__Assignment__
Which lines run from the one containing "1529 CHESTNUT Place" through the end of the data? Write them out exactly, with the pictures left out.

Start of Information supplied

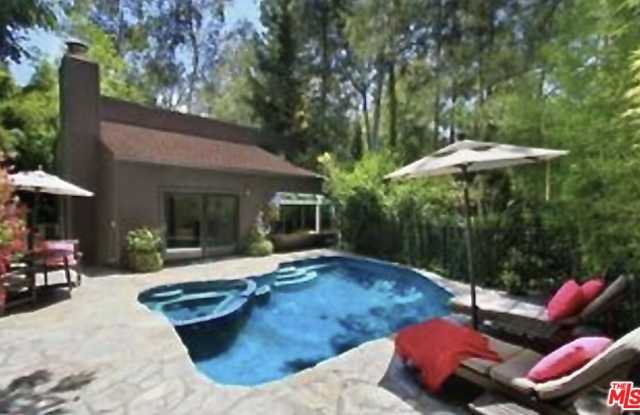 7727 Woodrow Wilson Dr - 7727 Woodrow Wilson Drive, Los Angeles, CA 90046
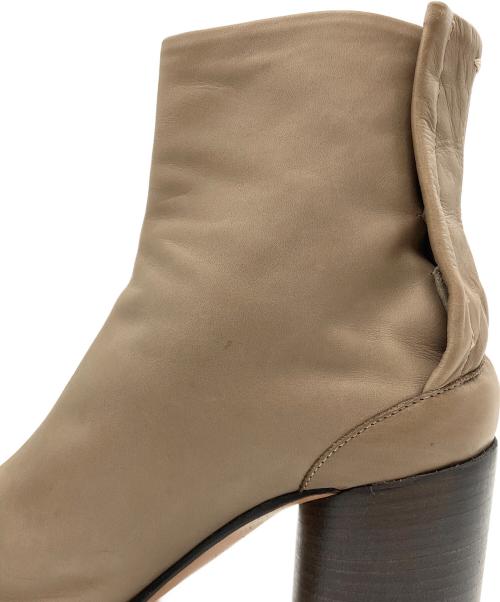 Maison Margiela（メゾンマルジェラ）Maison Margiela (メゾンマルジェラ) TABI HEEL BOOTS ベージュ サイズ:361/2の古着・服飾アイテム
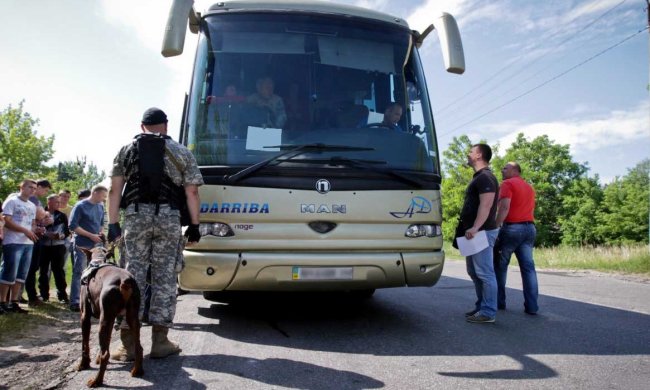 Окупанти влаштували пекло на кордоні: змушують чекати по 12 годин при +34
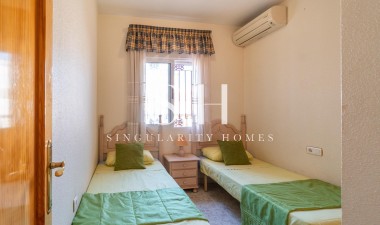 Resale - House - Orihuela Costa - La Zenia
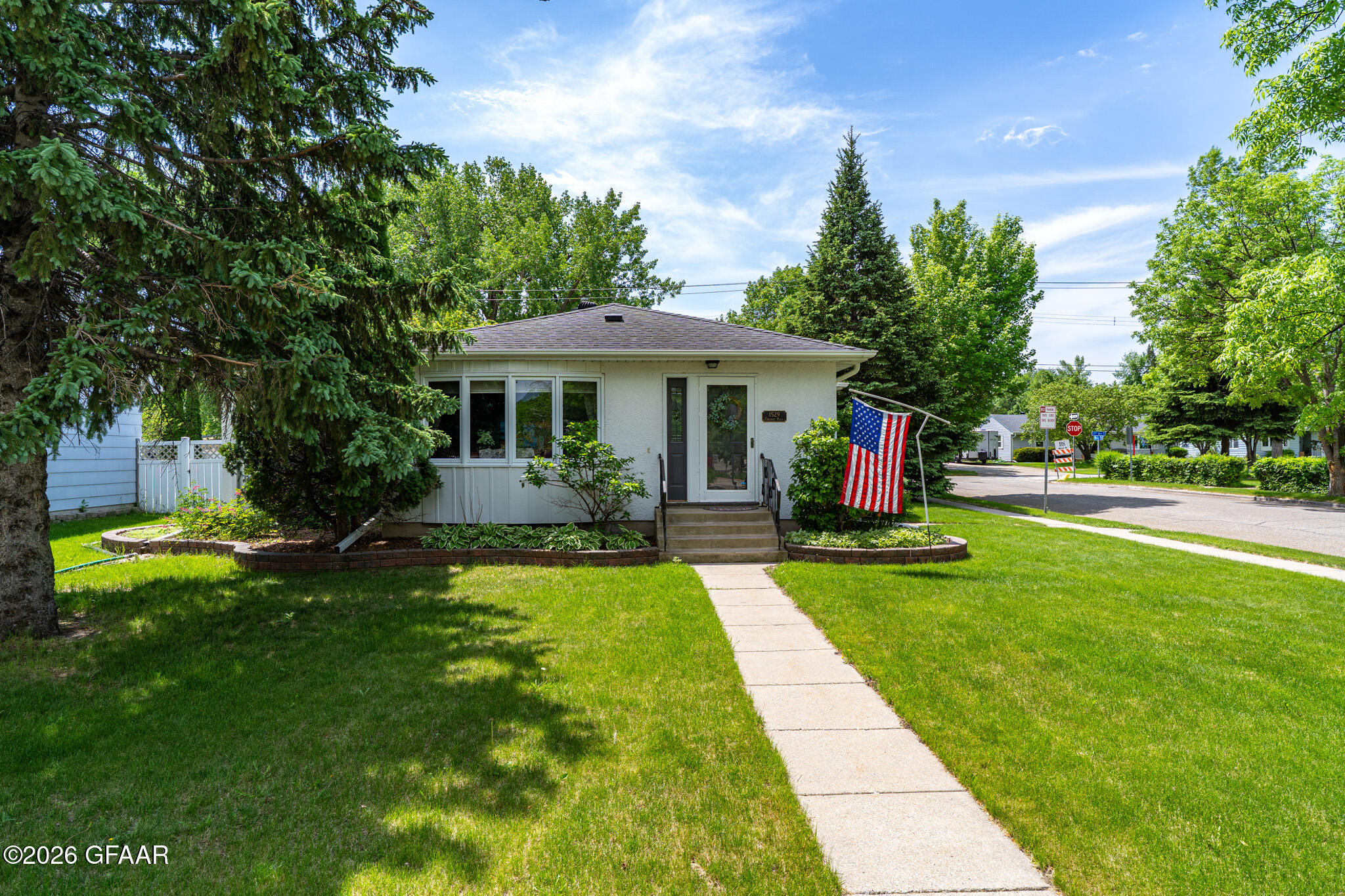 1529 CHESTNUT Place
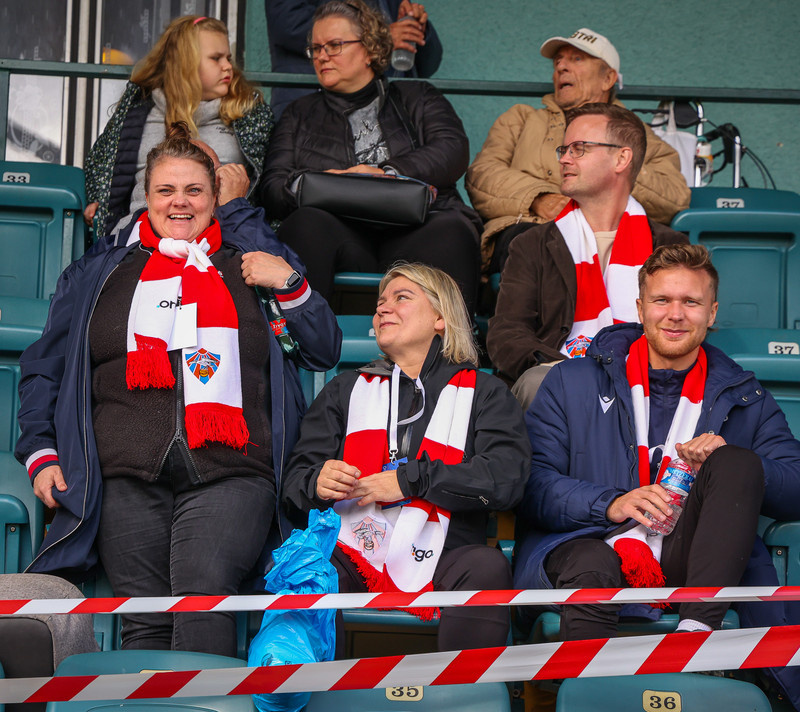 Myndaveisla frá markalausu jafntefli Vals í Prag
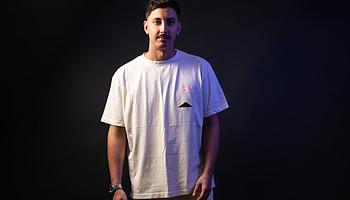 u z z v visszatér a 12+1 Londonra a „Shake Em” EP-vel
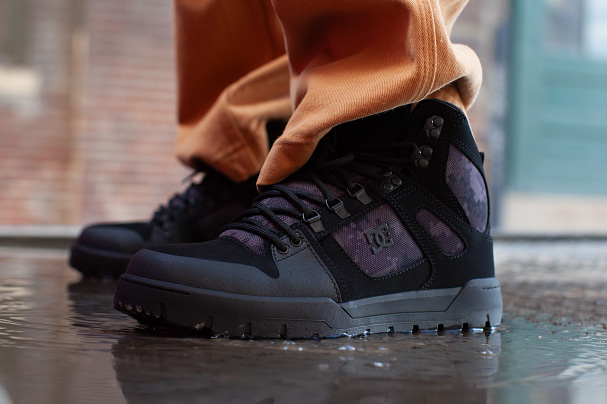 High cut DC WorkCrew footwear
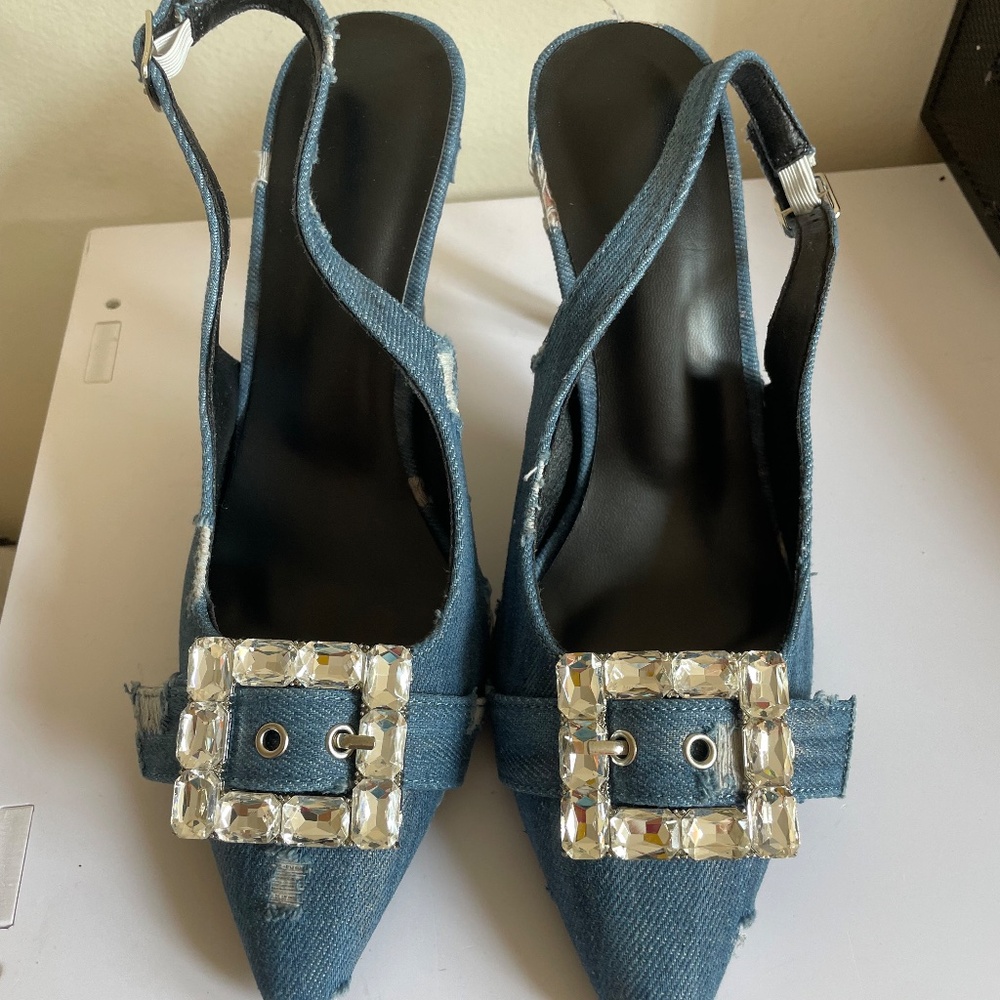 Shoes - Picture 3 of 8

End of Information supplied

__Result of this exercise__
 1529 CHESTNUT Place
 Myndaveisla frá markalausu jafntefli Vals í Prag
 u z z v visszatér a 12+1 Londonra a „Shake Em” EP-vel
 High cut DC WorkCrew footwear
 Shoes - Picture 3 of 8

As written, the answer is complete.